=== Exercise material ===
Start of Block

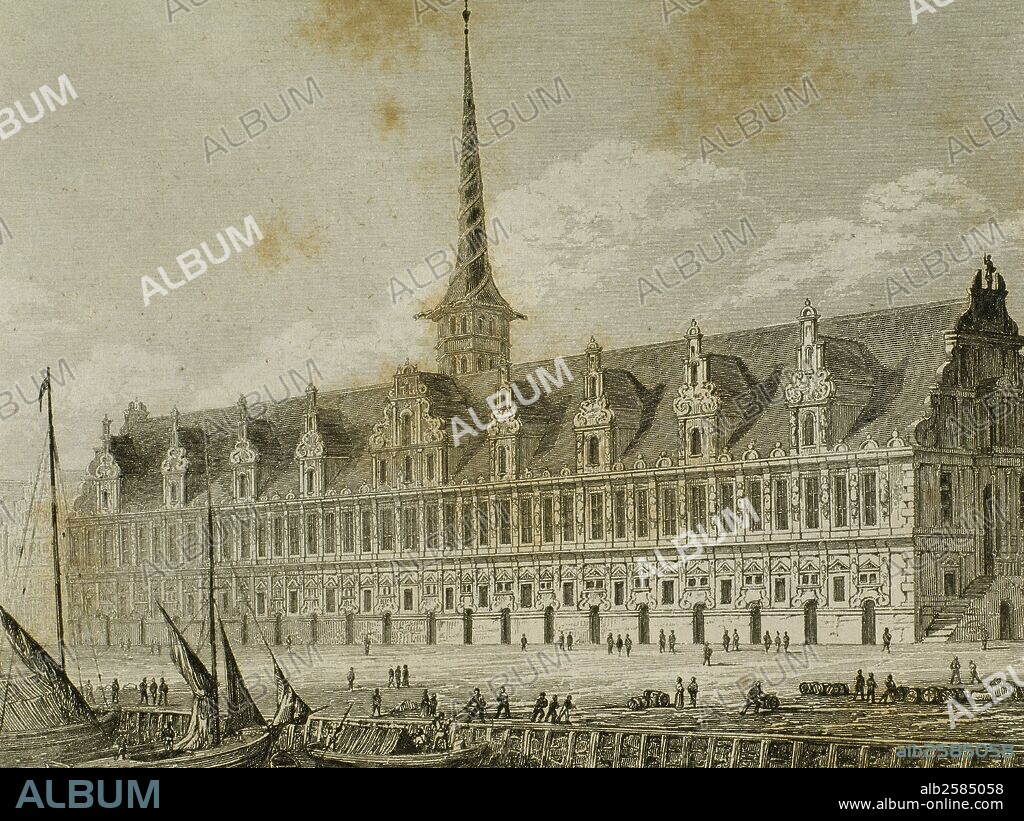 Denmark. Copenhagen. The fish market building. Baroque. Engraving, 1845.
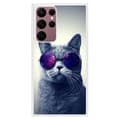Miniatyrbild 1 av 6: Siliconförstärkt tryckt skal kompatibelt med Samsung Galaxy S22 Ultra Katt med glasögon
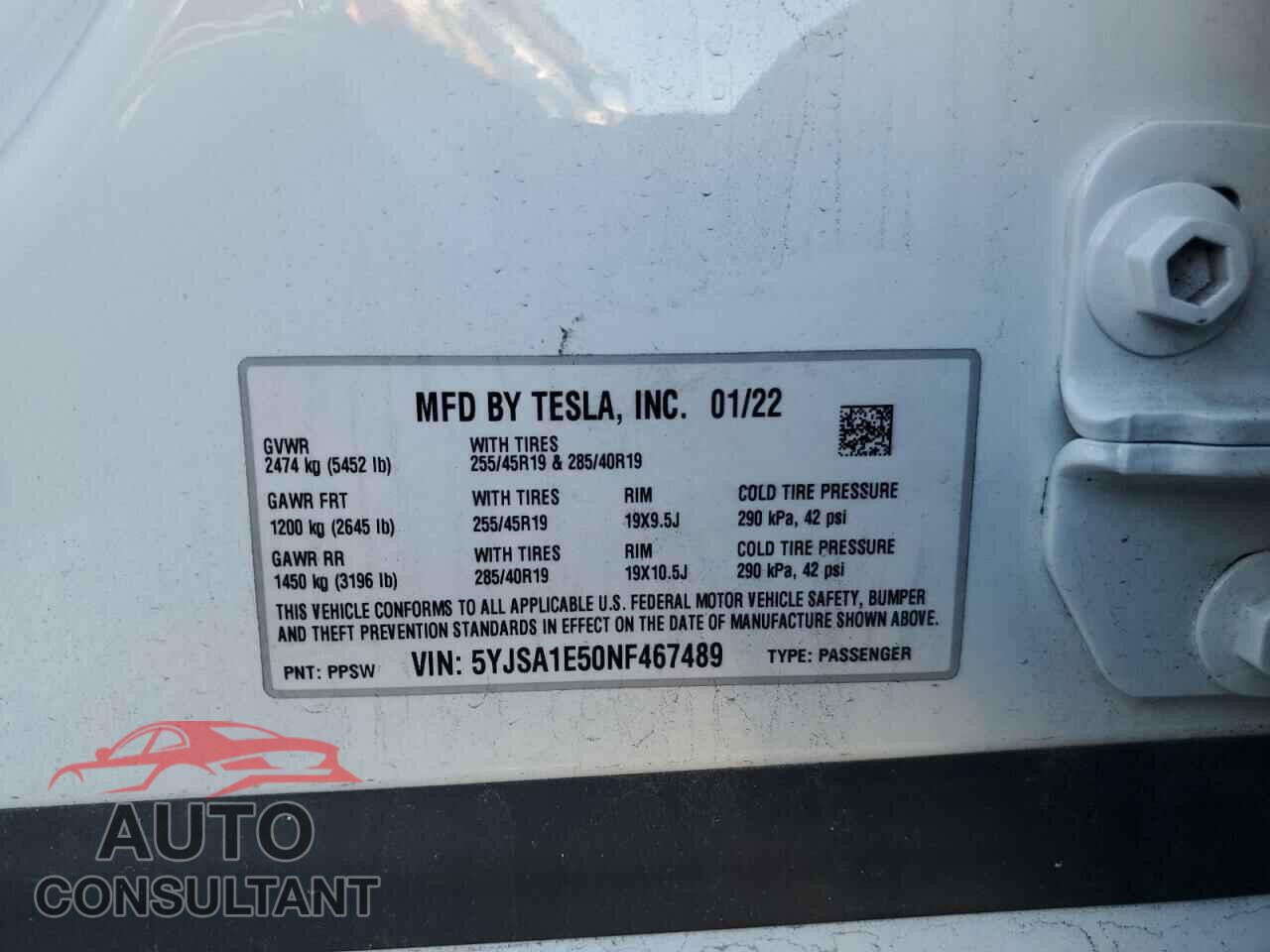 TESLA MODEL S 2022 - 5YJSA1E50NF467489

End of Block
Start of Block

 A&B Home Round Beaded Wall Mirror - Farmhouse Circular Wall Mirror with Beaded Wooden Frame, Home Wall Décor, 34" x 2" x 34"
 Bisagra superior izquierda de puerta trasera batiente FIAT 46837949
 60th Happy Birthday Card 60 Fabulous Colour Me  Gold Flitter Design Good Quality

End of Block
Start of Block

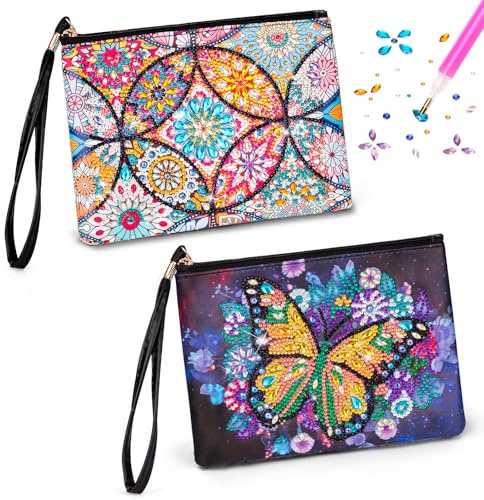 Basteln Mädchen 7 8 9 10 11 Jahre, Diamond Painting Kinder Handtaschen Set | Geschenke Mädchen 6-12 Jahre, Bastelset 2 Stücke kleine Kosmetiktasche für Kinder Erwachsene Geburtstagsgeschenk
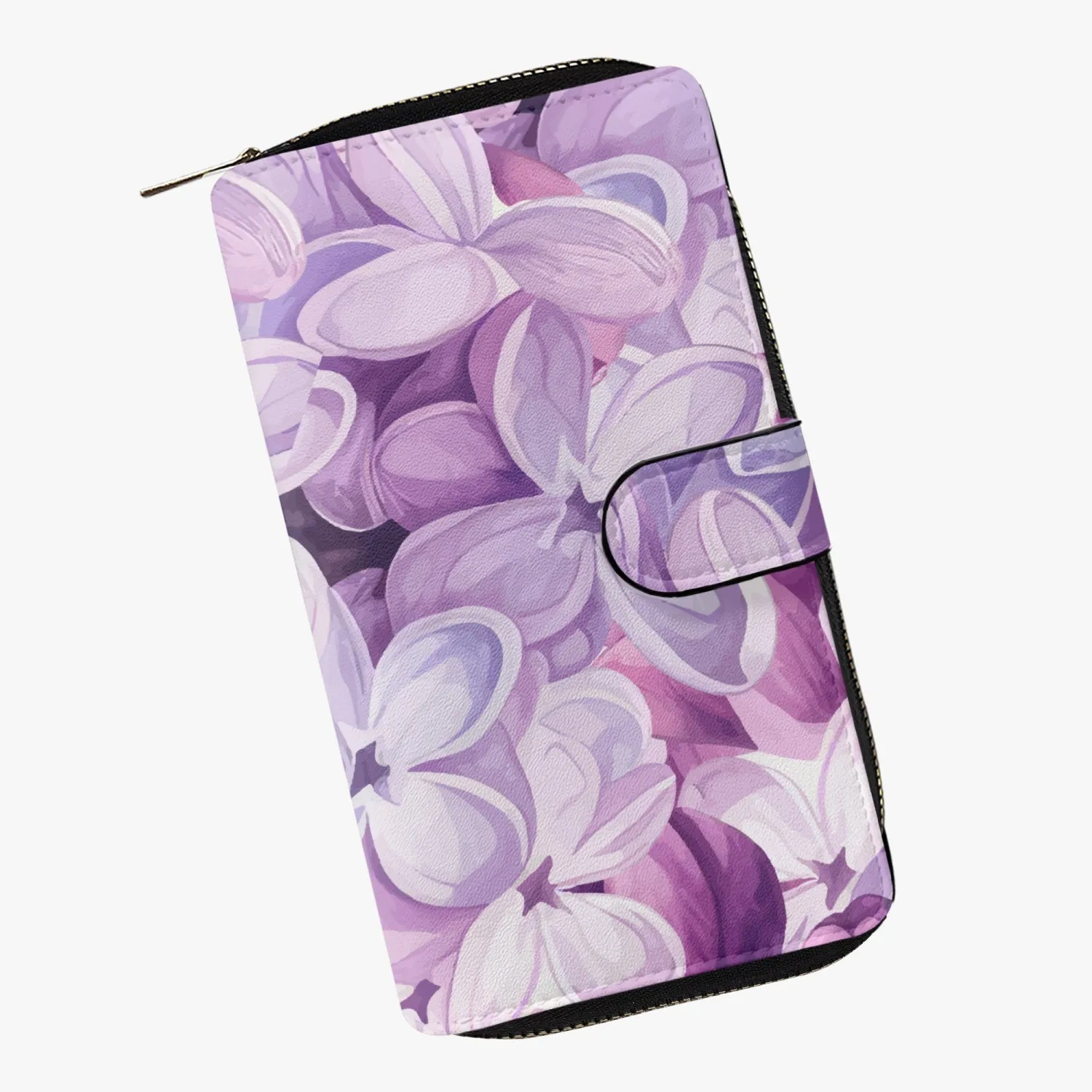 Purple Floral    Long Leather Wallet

End of Block

=== Aim of the exercise ===
Range to copy from the listing above: the line containing "Denmark. Copenhagen. The" down to the line containing "TESLA MODEL S 2022 - 5YJSA1E50NF467489", both included. Reproduce it exactly, minus the pictures, and add nothing.

=== Written reply ===
 Denmark. Copenhagen. The fish market building. Baroque. Engraving, 1845.
Miniatyrbild 1 av 6: Siliconförstärkt tryckt skal kompatibelt med Samsung Galaxy S22 Ultra Katt med glasögon
 TESLA MODEL S 2022 - 5YJSA1E50NF467489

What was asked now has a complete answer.